▶ [PROMPT]: From the records below, transcribe exactly the lines that begin at the line with "Грунтовка по старой краске MÖKKE 1 кг 17021" and end at the line with "[upl. by Airdnaid948]", both included.

▶ [PROVIDED RECORDS]:
━━━━━━━━━━━━━━━━━━━━

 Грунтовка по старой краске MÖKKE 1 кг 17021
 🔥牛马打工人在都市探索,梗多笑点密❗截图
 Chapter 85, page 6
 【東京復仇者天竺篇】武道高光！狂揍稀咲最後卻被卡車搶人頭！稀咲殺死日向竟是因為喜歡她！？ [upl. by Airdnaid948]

━━━━━━━━━━━━━━━━━━━━

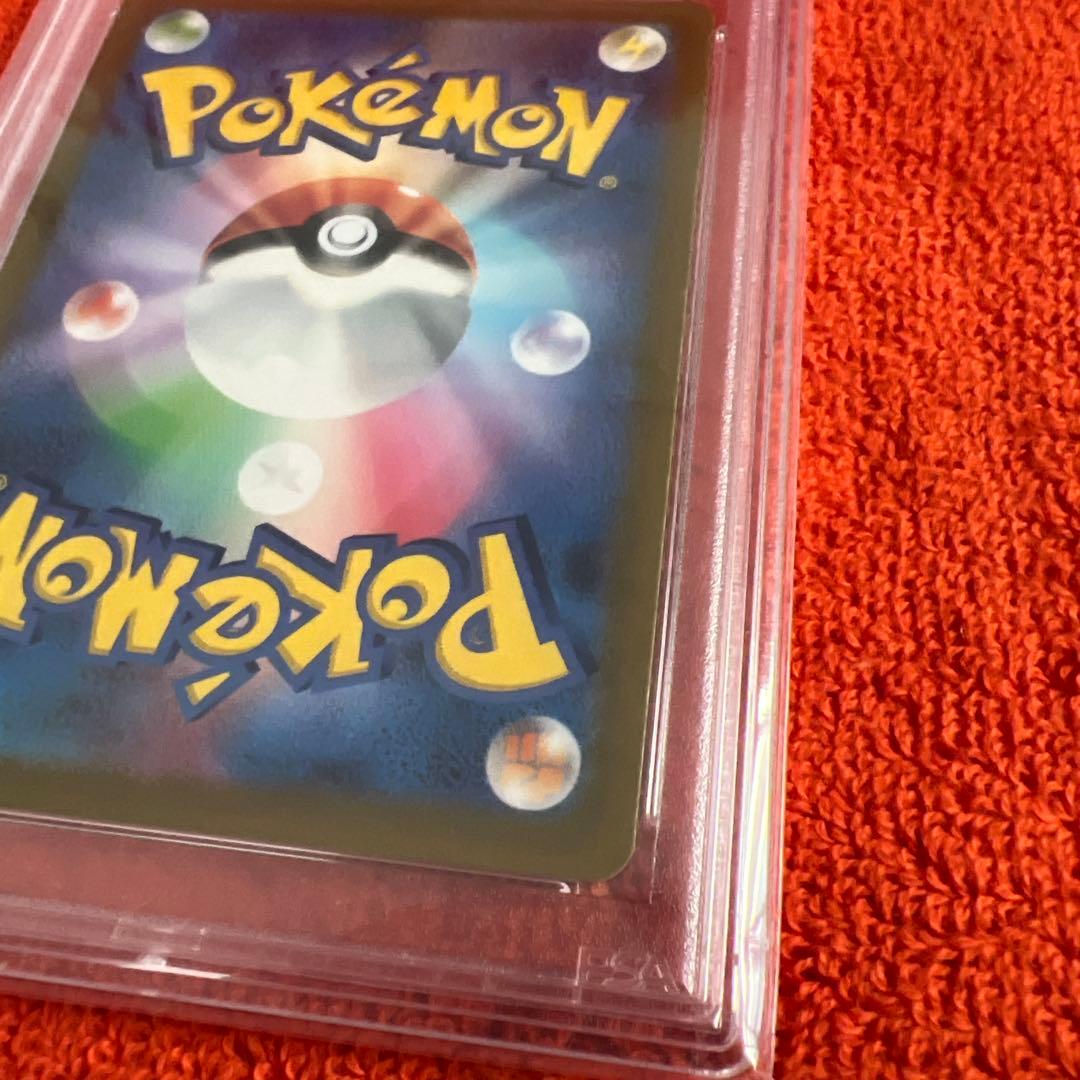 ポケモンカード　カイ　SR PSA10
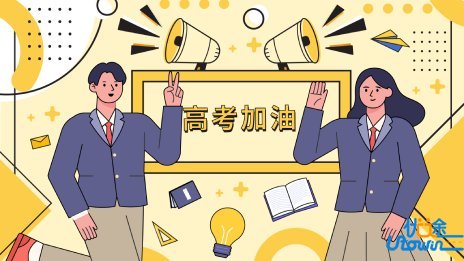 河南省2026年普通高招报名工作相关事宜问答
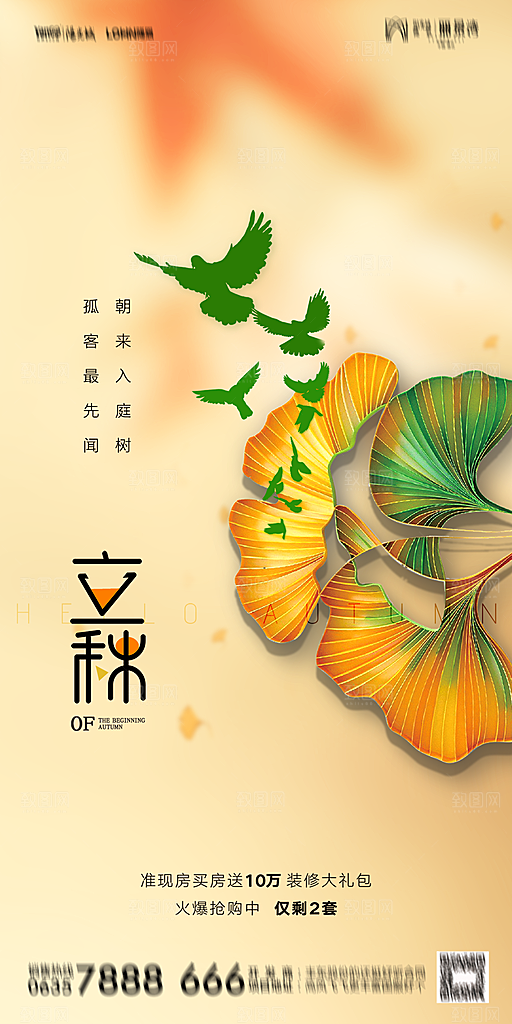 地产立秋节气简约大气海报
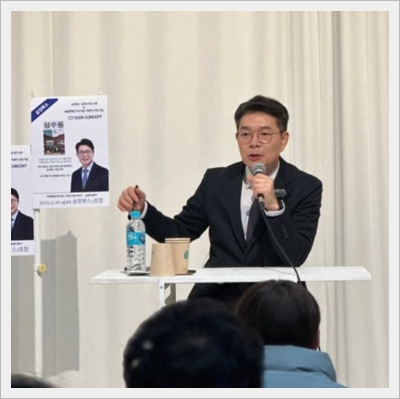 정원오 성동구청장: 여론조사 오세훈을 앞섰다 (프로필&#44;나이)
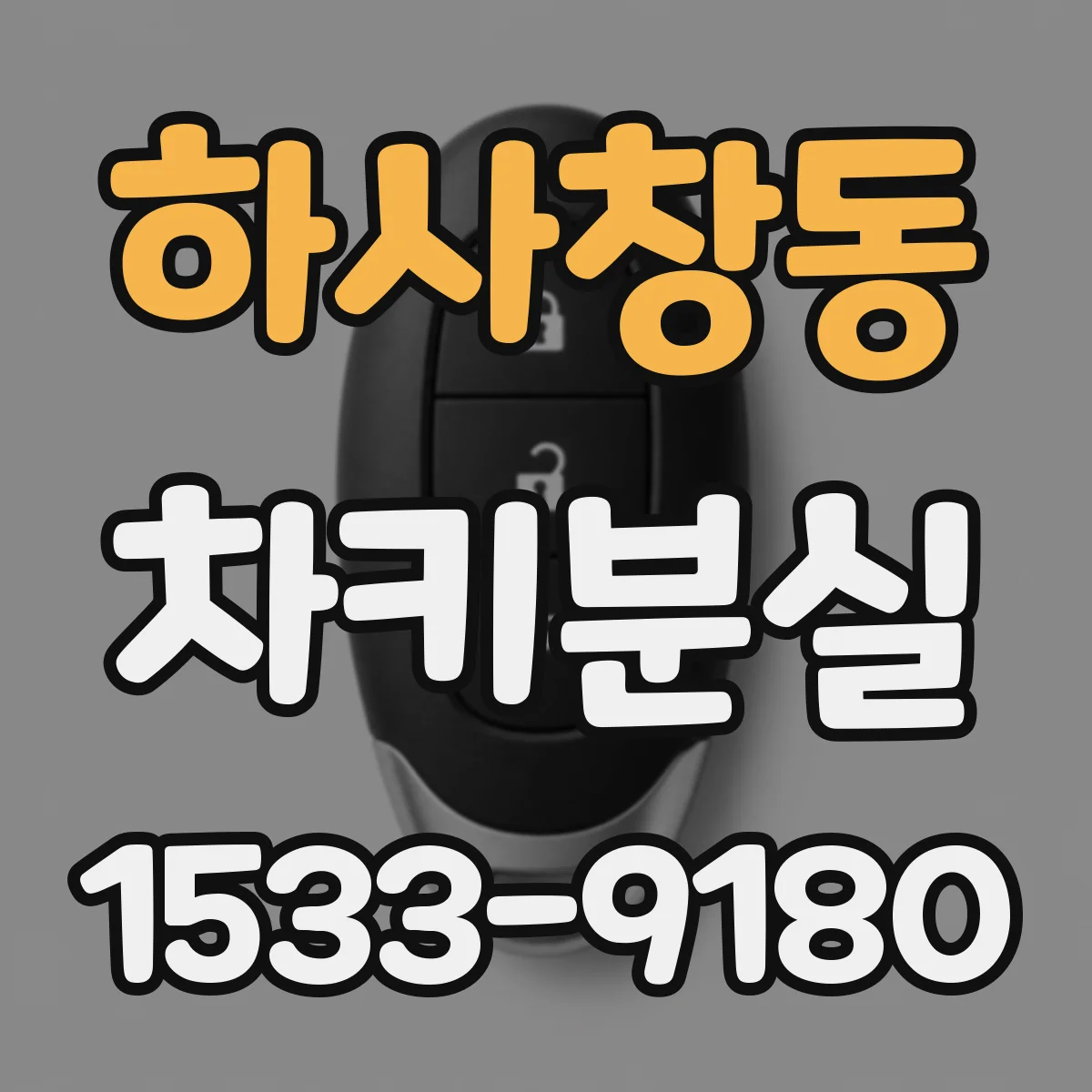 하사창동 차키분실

━━━━━━━━━━━━━━━━━━━━

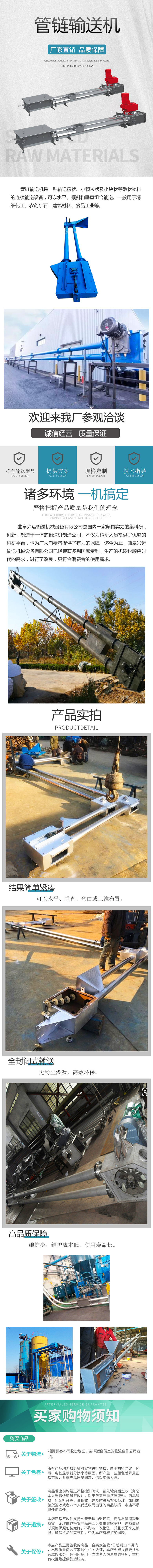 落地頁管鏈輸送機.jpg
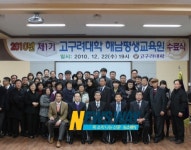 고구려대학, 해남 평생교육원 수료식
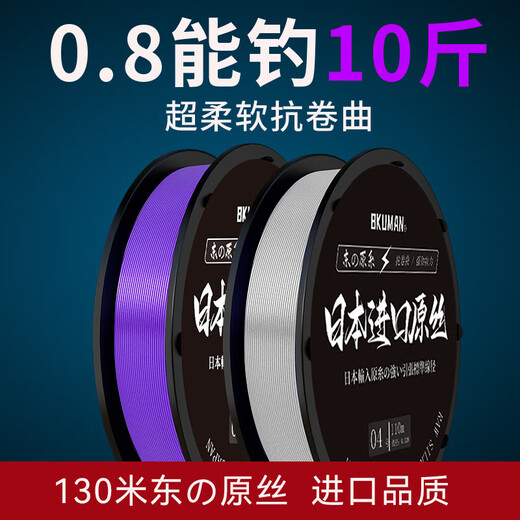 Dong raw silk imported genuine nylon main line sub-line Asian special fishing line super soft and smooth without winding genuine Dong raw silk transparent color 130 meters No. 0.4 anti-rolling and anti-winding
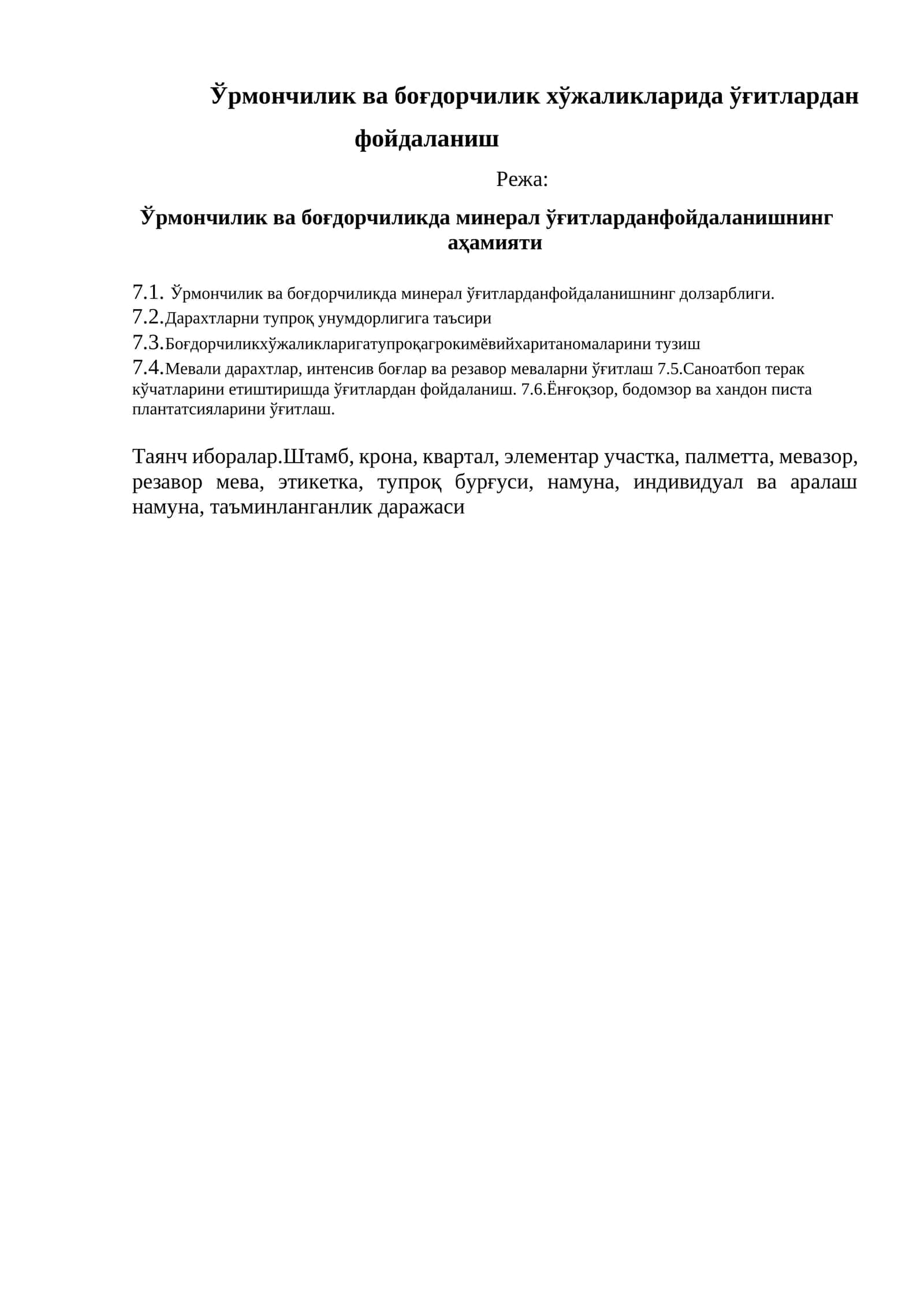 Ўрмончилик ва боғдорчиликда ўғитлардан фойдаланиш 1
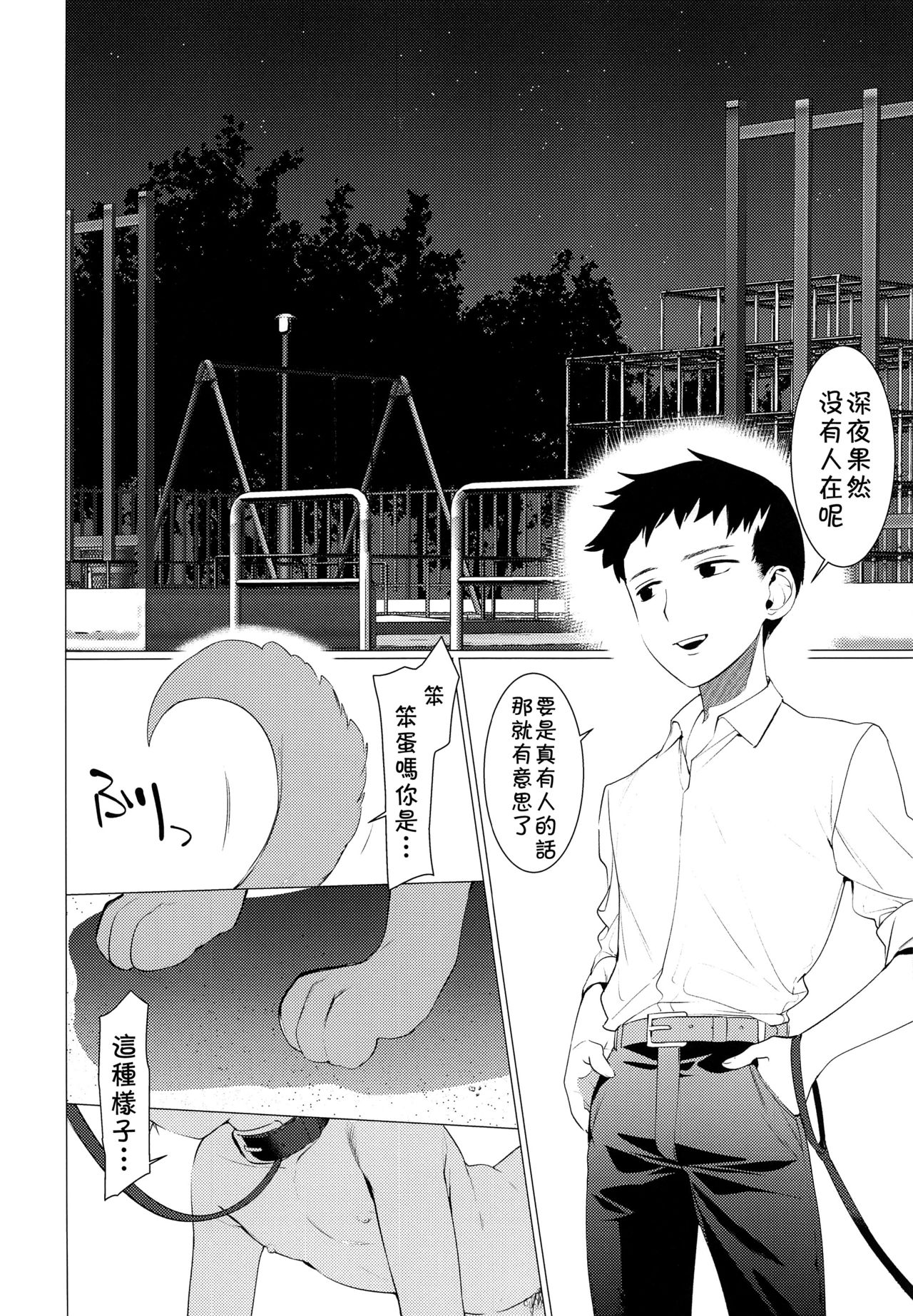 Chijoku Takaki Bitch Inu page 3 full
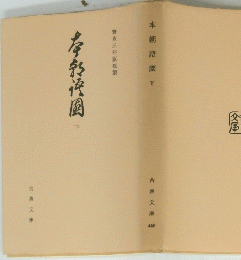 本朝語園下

━━━━━━━━━━━━━━━━━━━━

▶ [ANSWER BOX]:
 Грунтовка по старой краске MÖKKE 1 кг 17021
 🔥牛马打工人在都市探索,梗多笑点密❗截图
 Chapter 85, page 6
 【東京復仇者天竺篇】武道高光！狂揍稀咲最後卻被卡車搶人頭！稀咲殺死日向竟是因為喜歡她！？ [upl. by Airdnaid948]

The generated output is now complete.